(Short text fragments from websites)
--------------------

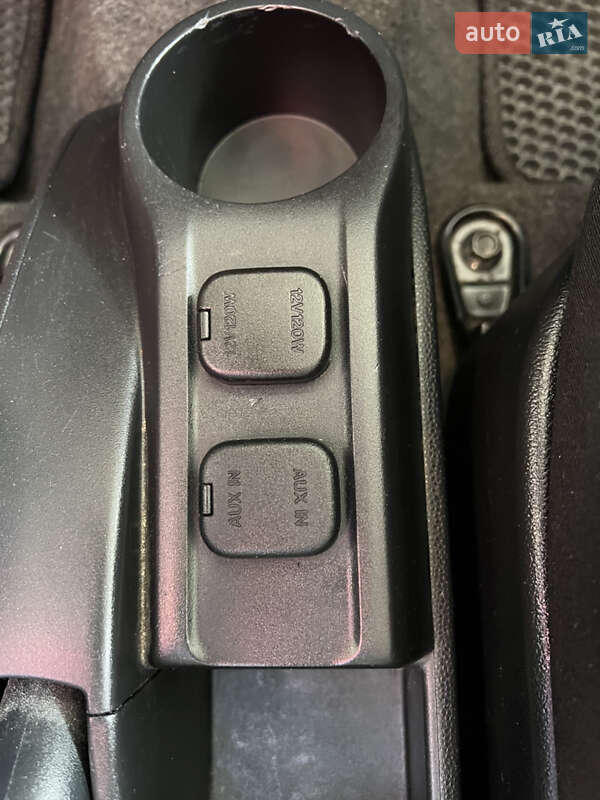 Хетчбек Mazda 2 2011 в Тернополі фото 16 Хетчбек Mazda 2 2011 в Тернополі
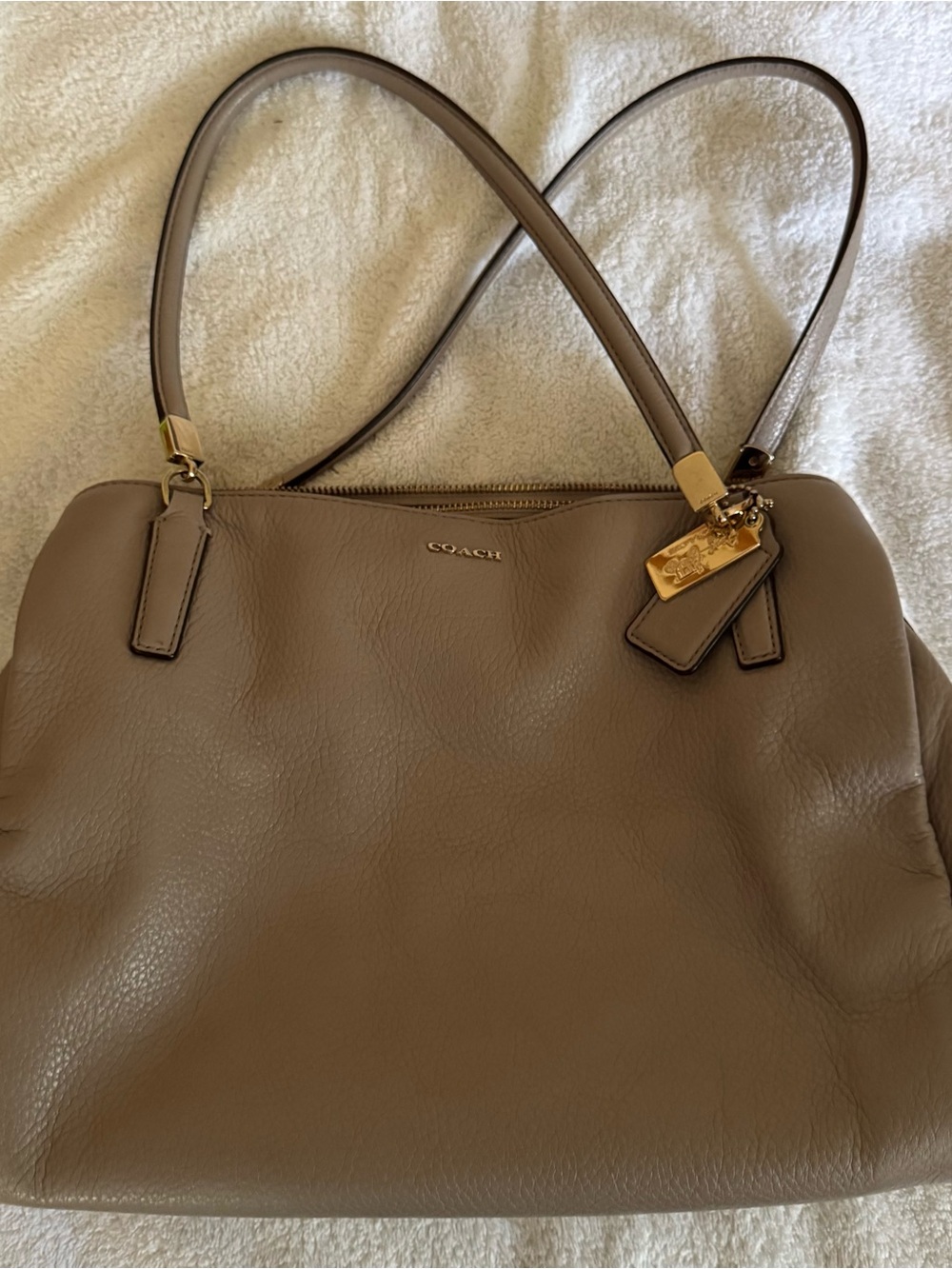 Coach Madison Cafe Pebbled Leather Shoulder Bag. Light Gray with Gold Hardware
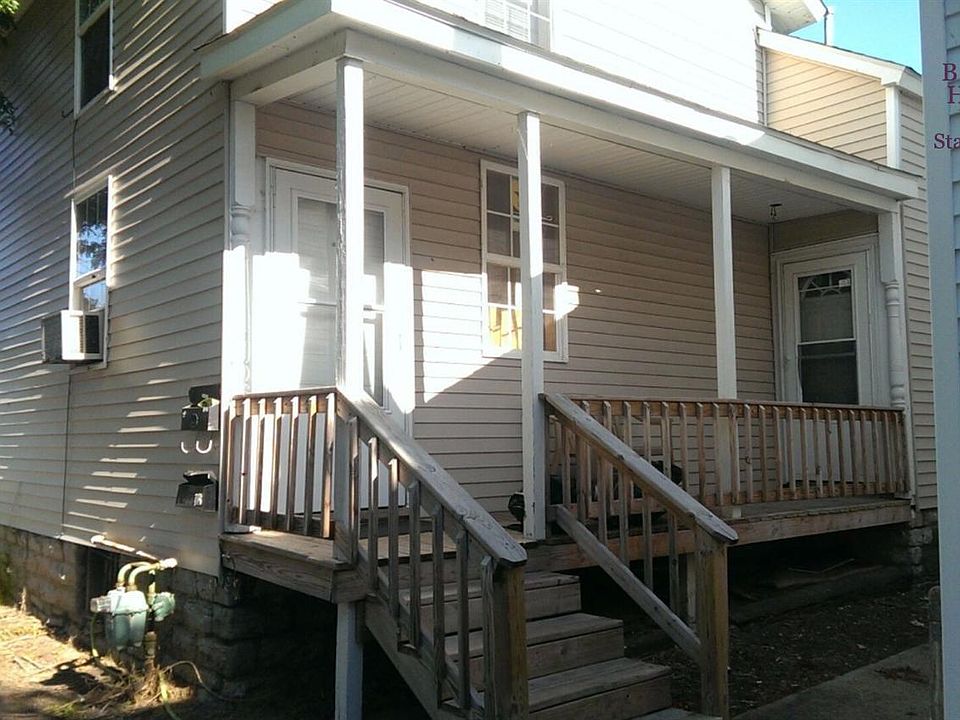 2nd image of 1407 W Madison St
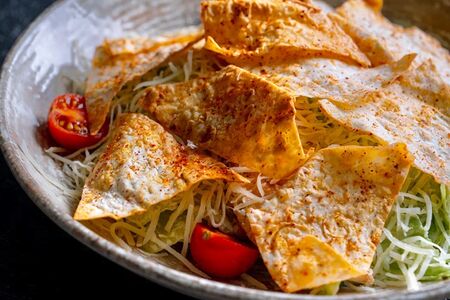 Цезарь с курицей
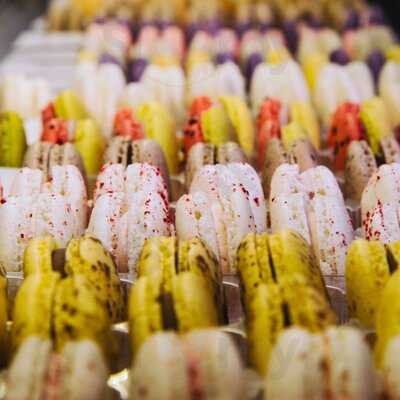 L'orchidee Macarons & Cakes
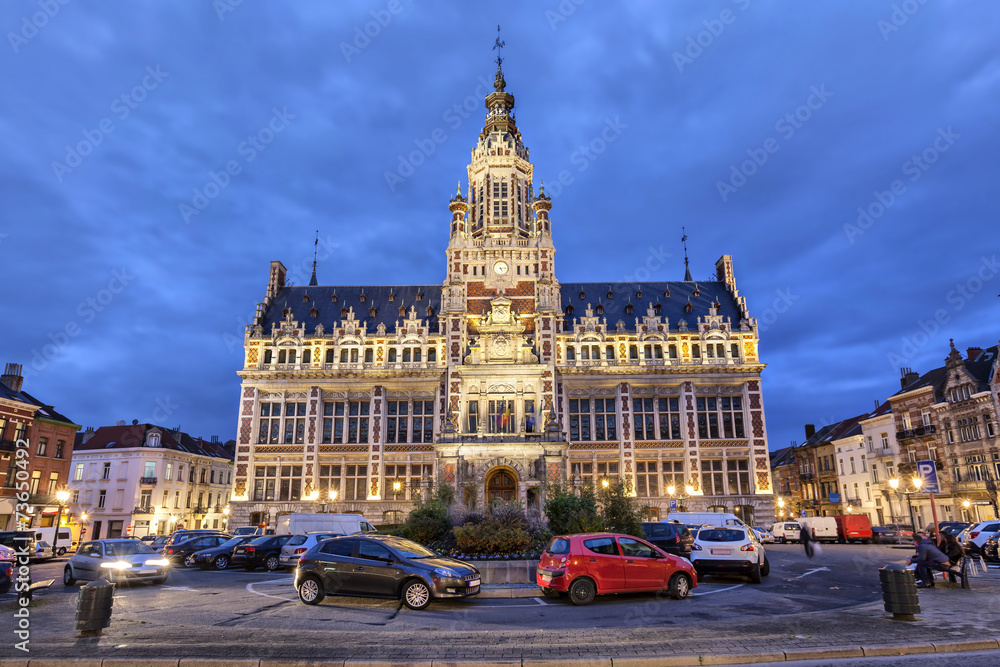 Obraz premium Town hall of Shaerbeek in the evening, Brussels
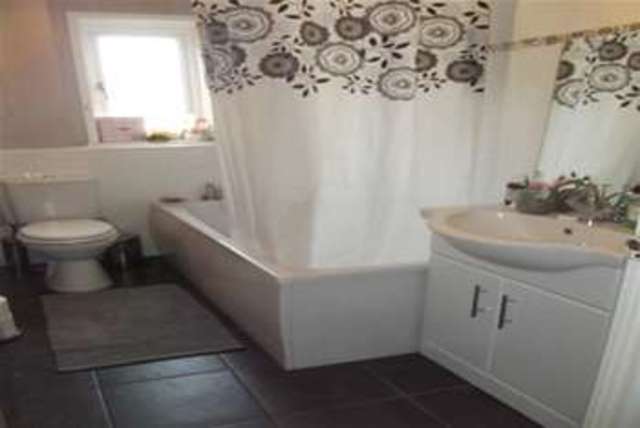  Image of 2 Bedroom Detached to rent at Glasgow, G40 2HB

--------------------

Repeat all of the records verbatim, leaving out the pictures.

 Хетчбек Mazda 2 2011 в Тернополі фото 16 Хетчбек Mazda 2 2011 в Тернополі
 Coach Madison Cafe Pebbled Leather Shoulder Bag. Light Gray with Gold Hardware
 2nd image of 1407 W Madison St
 Цезарь с курицей
 L'orchidee Macarons & Cakes
 Obraz premium Town hall of Shaerbeek in the evening, Brussels
  Image of 2 Bedroom Detached to rent at Glasgow, G40 2HB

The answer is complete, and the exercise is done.